Quando outros países reintroduzem espécies localmente extintas ou pouco abundantes, Portugal ainda faz “monitorização”. Quando outros países centralizam funções numa entidade para dar mais força à conservação da natureza, Portugal espalha e dilui responsabilidades.
Quando outros países aproveitam a diminuição da atividade agrícola em terras marginais para criar novas áreas protegidas e expandir existentes, Portugal aposta em “paisagens humanizadas”. Quando outros países apostam no turismo de natureza para desenvolver regiões rurais com poucas oportunidades e restaurar a natureza, Portugal aposta em passadiços para ver lagos criados por barragens e encostas com eucaliptos.
O restauro das populações de animais que deviam e podiam existir em terras lusitanas acontece à boleia de Espanha, ao longo da raia (a cabra-montês no Gerês, o urso em Montesinho, o abutre-preto na Malcata, o veado-vermelho ao longo da fronteira, a águia-imperial no Tejo internacional). Não é por acaso que o último livro encomendado pelo ICNF tem o título Fronteira Viva, a fronteira é dos poucos sítios com melhoria dos valores naturais (mas não é graças à mão do ICNF, é graças à falta dela).
O quadro está feio, mas para melhorar é preciso contextualizar, informar e criticar. É preciso elevar o debate para além dos incêndios, é preciso mais escrutínio pela sociedade, é preciso esperar mais. Há casos de conservação e restauro da natureza bem feitos, com benefícios para pessoas e natureza, em Espanha, na Europa e no mundo (estudos de conservacionistas, análises de economistas, relatórios da UNO).

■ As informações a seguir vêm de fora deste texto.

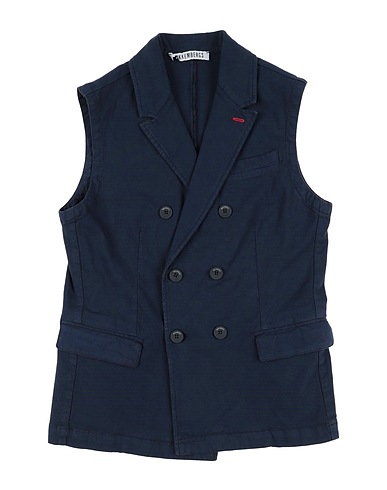 BIKKEMBERGS テーラードジャケット ミッドナイトブルー コットン 99% / ポリウレタン 1%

Numa época em que a informação é tão facilmente acessível, não há razão para o péssimo estado da conservação e restauro da natureza em Portugal. São várias as vozes a alertar para a decadência do ICNF e do mundo natural no país, desde pessoas “da casa”, como os vigilantes da natureza ou antigos funcionários, a velhas glórias do movimento ambientalista a novas vozes. O ICNF é mau por escolha, por incompetência das chefias e das políticas públicas mais do que pela qualidade ou motivação das pessoas a trabalhar no terreno.
Numa época-chave da história da humanidade, a conservação e restauro da natureza, uma das melhores maneiras de rejuvenescer zonas rurais, de combater as alterações climáticas e de inverter a perda de biodiversidade, não pode ser uma oportunidade perdida.
O ICNF precisa de ser renovado, não desmantelado, é demasiado importante para continuar a ser mal-amado.